- Opening Delimiter -

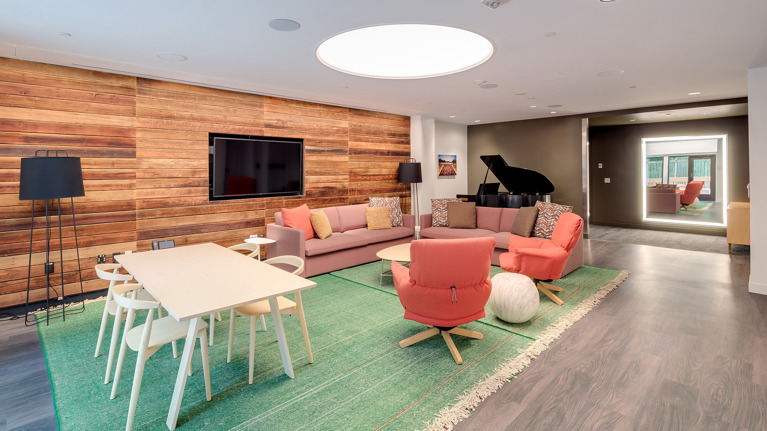 Spacious dressing room with lighted mirrors, white counters, seating areas with sofas, and a baby grand piano.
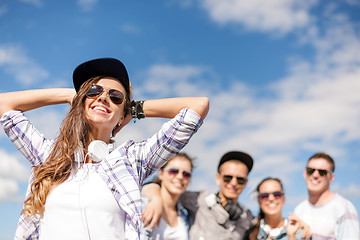 Image showing teenage girl with headphones and friends outside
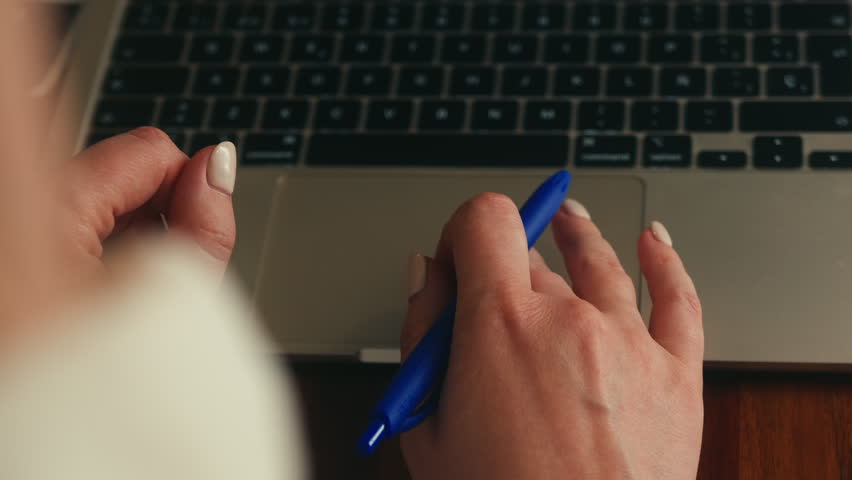 Close-up of female hand holding a pen while working on a laptop. Business planning, online work, studying and productivity concept. High quality 4k footage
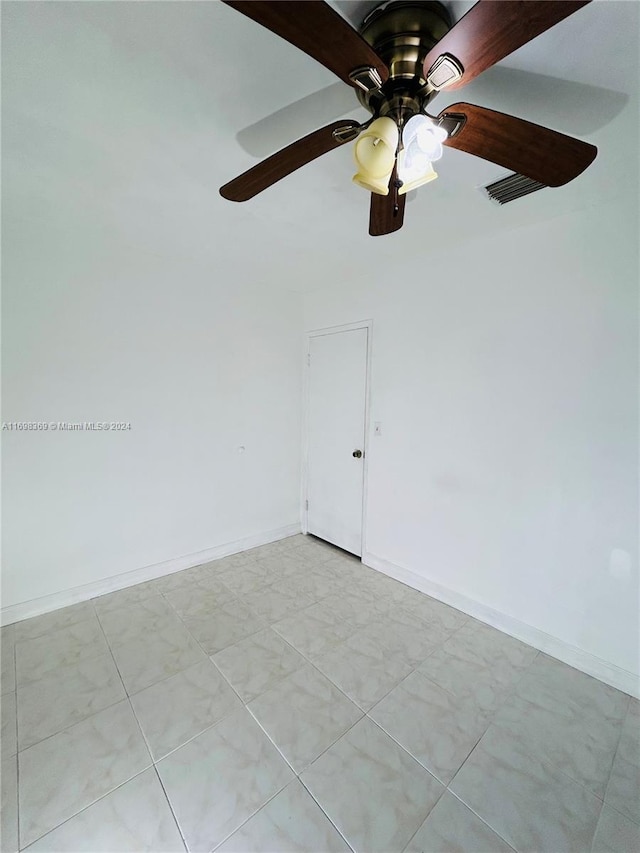 spare room with light tile patterned floors and ceiling fan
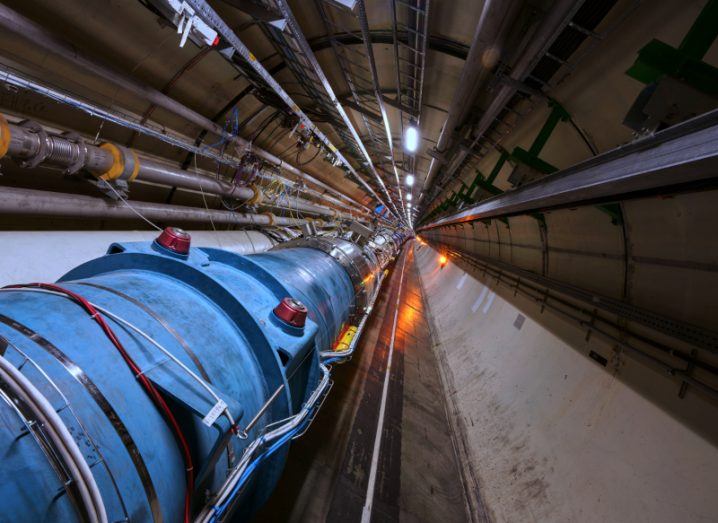 A blue pipe in the centre of a circular room, with grey pipes on the walls. A section of the CERN Large Hadron Collider.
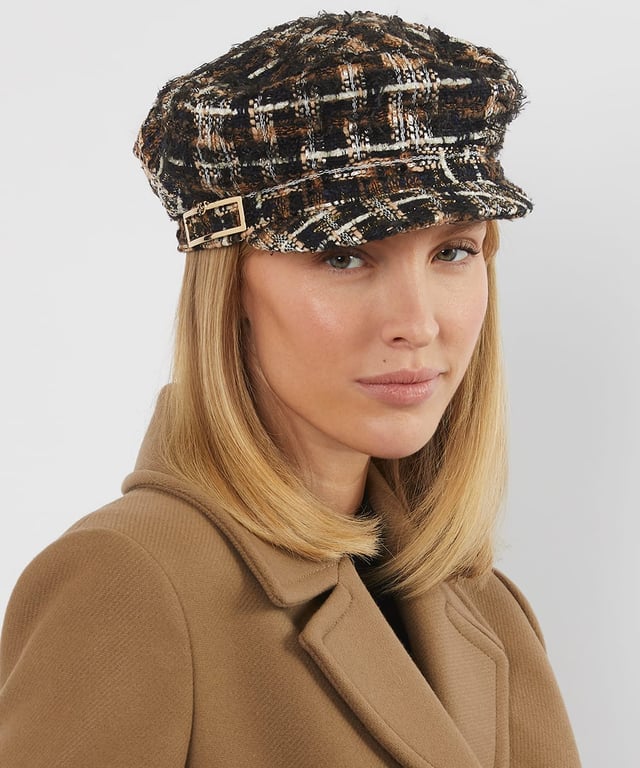 Refresh your cold-weather collection with Fabby, a textured hat that's bound to get you noticed. This hat is part of a curated collection using our chocolate boucle, complete with elegant gold thread accents Dune London metal branding, it adds a luxurious edge to your winter outfits.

- Closing Delimiter -

What to do: Reproduce exactly the lines that run from the line holding "spare room with" through the final line of the entries, and omit every picture.

Task answer:
 spare room with light tile patterned floors and ceiling fan
 A blue pipe in the centre of a circular room, with grey pipes on the walls. A section of the CERN Large Hadron Collider.
 Refresh your cold-weather collection with Fabby, a textured hat that's bound to get you noticed. This hat is part of a curated collection using our chocolate boucle, complete with elegant gold thread accents Dune London metal branding, it adds a luxurious edge to your winter outfits.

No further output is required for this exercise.